Dentro de seus vários processos biológicos nos quais a vitamina D está envolvida, por possuir receptores (RVD) em um grande número de células humanas, os principais são:

  • Aumentar a absorção de cálcio e fósforo no intestino
  • Fortalece os ossos, prevenindo doenças osteomusculares
  • Manter a função muscular correta, reduz o risco de queda, especialmente em homens e mulheres com mais de 60 anos
  • Fortalece o sistema imunológico, ajuda a prevenir doenças respiratórias, além de apresentar benefícios no combate às aflições da pele
  • Divisão celular normal (ajuda a prevenir o câncer)
  • O controle do açúcar no sangue ajuda a prevenir doenças como obesidade, diabetes, hipertensão e esclerose múltipla
  • Tem um impacto no bom funcionamento cardiovascular
  • Manter o bom funcionamento do sistema respiratório ajuda o corpo a combater infecções respiratórias agudas
  • Manter o desenvolvimento neuronal, ajuda a função cognitiva

FONTES DE VITAMINA D

Depois de saber o que é a vitamina D e sua funcionalidade no organismo, é necessário mencionar as três fontes existentes para obter a vitamina D. A principal é o sol, cerca de 90% da vitamina D necessária é obtida expondo a pele a Os raios UVB, no entanto, são vários fatores que impedem essa obtenção, como condições climáticas adversas (dias nublados, poluição, longos meses de inverno, morando longe da linha do Equador), estilo de vida (passamos mais tempo em ambientes fechados ) e doenças (doenças da pele, doenças auto-imunes), portanto, outras fontes devem ser usadas, a segunda opção é a ingestão de alimentos.

Os alimentos fornecem apenas 10% a 20% da vitamina D necessária, e a lista de opções é limitada.

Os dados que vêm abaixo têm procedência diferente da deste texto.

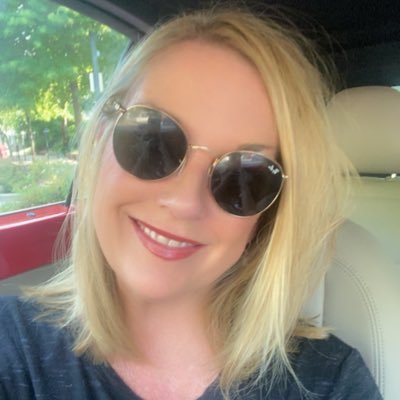 lisamichdrap's profile picture.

Os peixes gordurosos (salmão, atum, sardinha, cavala), mariscos (ostras), manteiga, queijos amarelos, ovos e laticínios ou sucos fortificados são encontrados aqui, embora os últimos sejam os menos no Chile.

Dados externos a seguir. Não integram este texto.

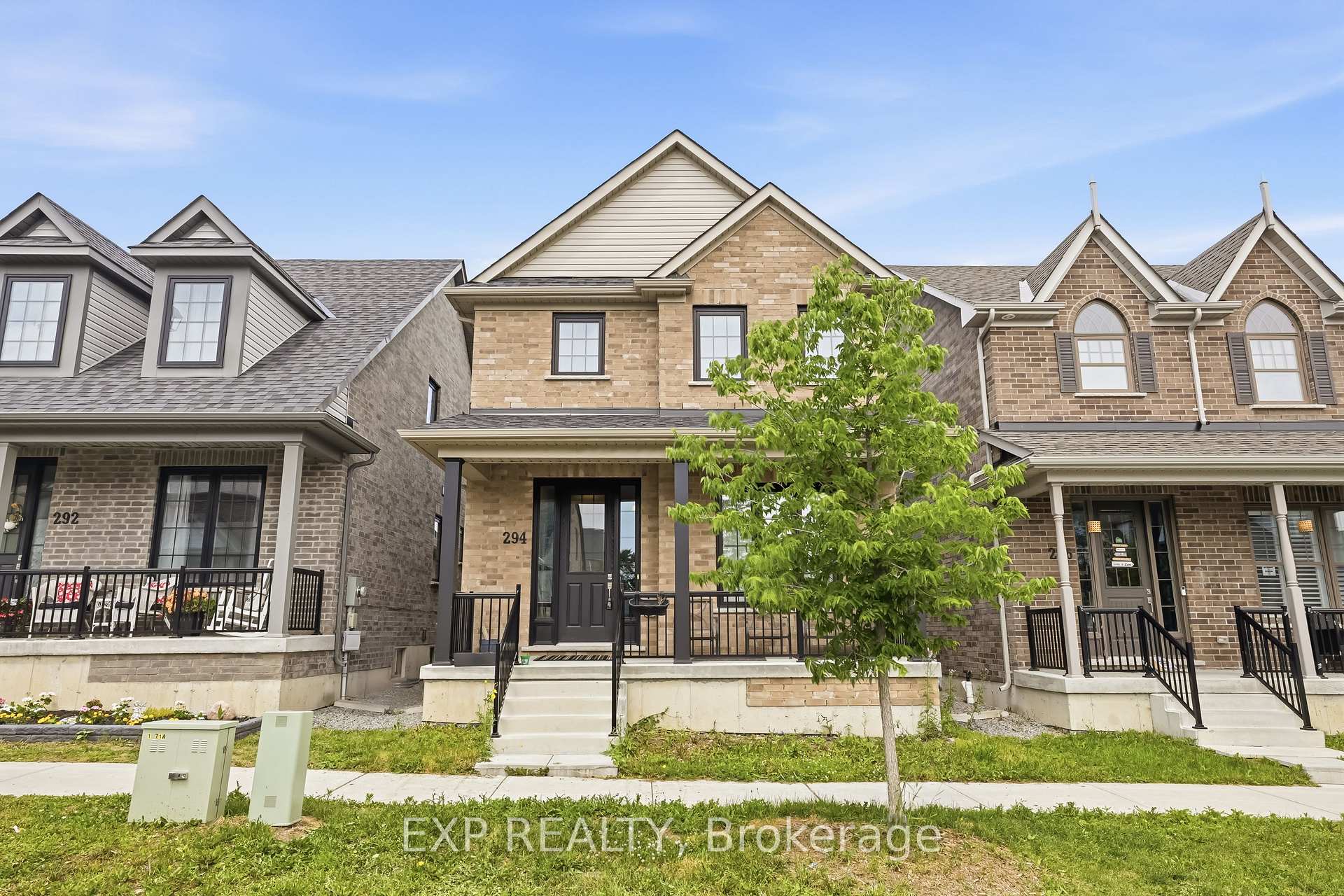 Photo 2 of 294 Noftall Gardens, Peterborough, Northcrest Ward 5 — HOMEH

Como podemos ver, a maioria desses alimentos não é encontrada em nossa cesta de família, portanto, não é de surpreender que a deficiência de vitamina D exista hoje, devido à sua difícil obtenção. Tanto é que   hoje os especialistas falam de uma pandemia mundial.

A terceira fonte de vitamina D é através de suplementos que, como o próprio nome diz, complementam o déficit ou insuficiência de vitamina D que não pode ser alcançada pelos outros dois meios. No entanto, a recomendação é sempre   consultar um especialista, para ter um diagnóstico preciso antes de começar a consumir um suplemento de vitamina D.

No que diz respeito às consequências da falta de vitamina D no organismo, o déficit não é uma doença em si, mas afeta a aparência de outras condições. 

Entre os encontrados osteoporose, raquitismo em crianças,   osteoartrite, problemas cardiovasculares, fraqueza muscular, depressão e até risco de câncer. Por esse motivo, é importante conhecer nosso nível de vitamina D no organismo e, em caso de insuficiência, consultar um profissional de saúde.